**Task statement**: Would you repeat the data below exactly, taking out the images?

══ Data shown ══

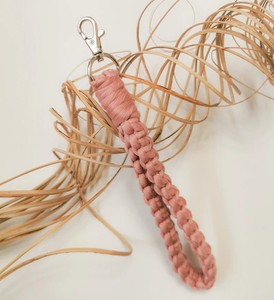 Llavero de macramé bohemio personalizado, accesorio de acero inoxidable tejido a mano, seguro para bodas o baby showers - Product Image 4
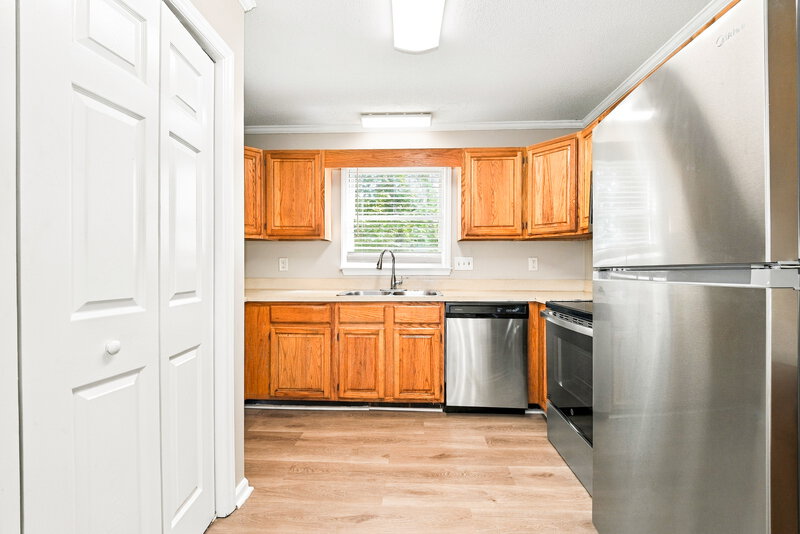 2,160/Mo, 11108 Mallard Crossing Dr Charlotte, NC 28262 Misc View 3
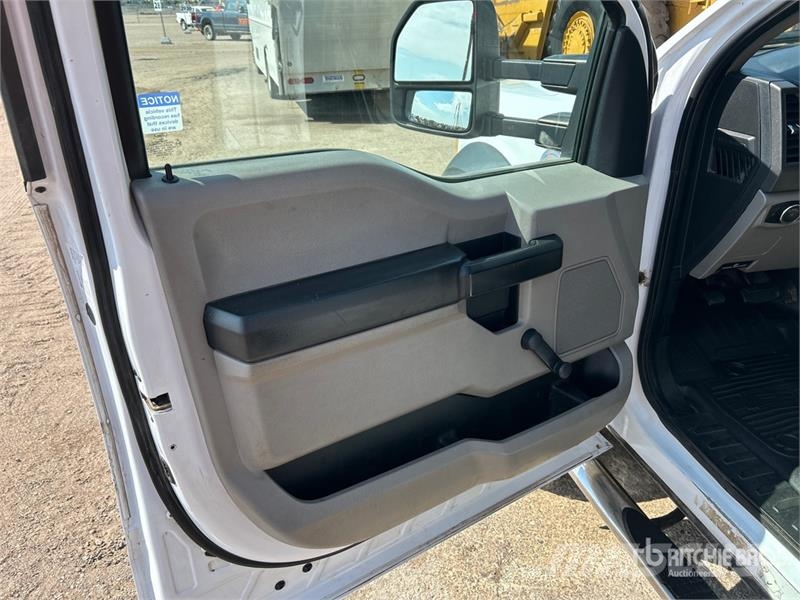 Ford F-450 XL 4x4 Utility Truck Madelkaubikud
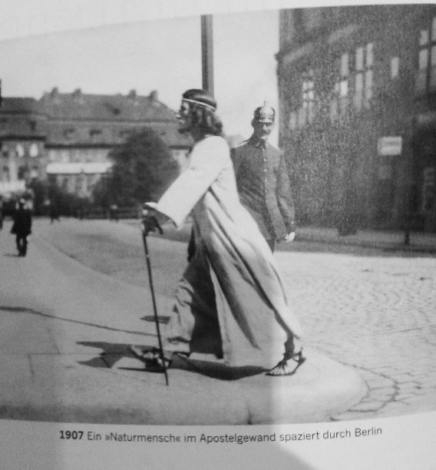 Wonderful photo from 1907 in Berlin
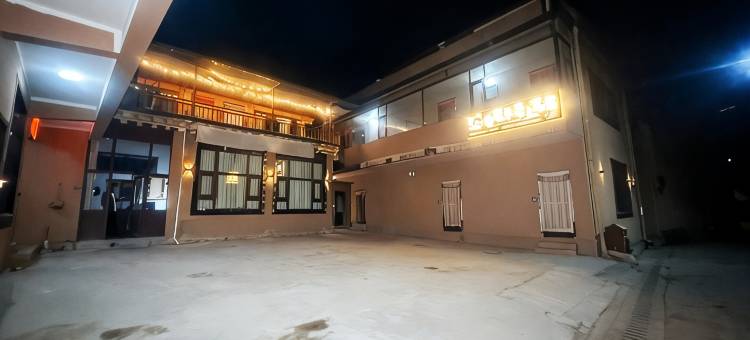 丹珠尔·云上民宿(扎尕那景区店)图片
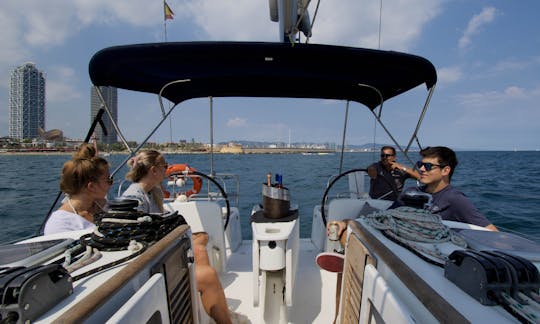 Exclusive Beneteau 39.3 Cyclades Sailing Boat in Barcelona, Cataluña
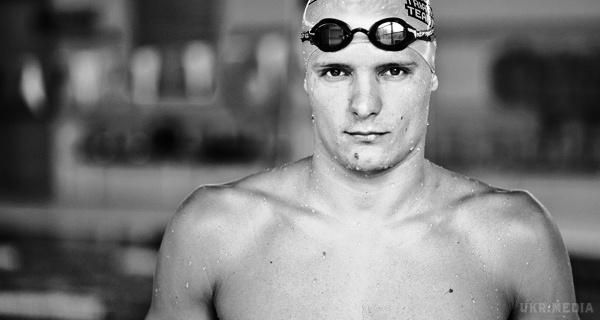 Поляк Карась переплив Балтійське море та встановив рекорд. Польський плавець Себастьян Карась встановив світовий рекорд , подолавши вплав 100 - кілометрову дистанцію в Балтійському морі . 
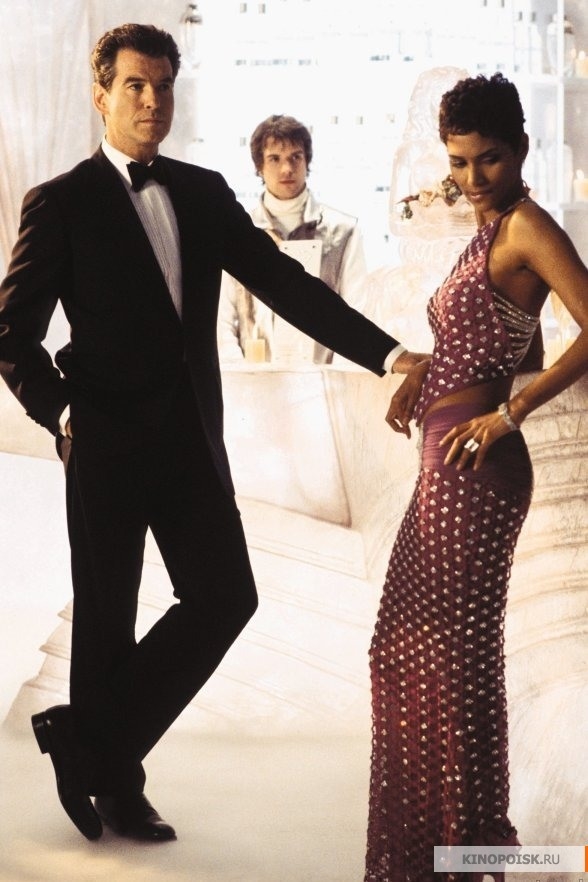 Кадр из фильма "Умри, но не сейчас" (2002). Фото "Гемини-Фильм", kinopoisk.ru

═══

**Response below**:
 Llavero de macramé bohemio personalizado, accesorio de acero inoxidable tejido a mano, seguro para bodas o baby showers - Product Image 4
 2,160/Mo, 11108 Mallard Crossing Dr Charlotte, NC 28262 Misc View 3
 Ford F-450 XL 4x4 Utility Truck Madelkaubikud
 Wonderful photo from 1907 in Berlin
 丹珠尔·云上民宿(扎尕那景区店)图片
 Exclusive Beneteau 39.3 Cyclades Sailing Boat in Barcelona, Cataluña
 Поляк Карась переплив Балтійське море та встановив рекорд. Польський плавець Себастьян Карась встановив світовий рекорд , подолавши вплав 100 - кілометрову дистанцію в Балтійському морі . 
 Кадр из фильма "Умри, но не сейчас" (2002). Фото "Гемини-Фильм", kinopoisk.ru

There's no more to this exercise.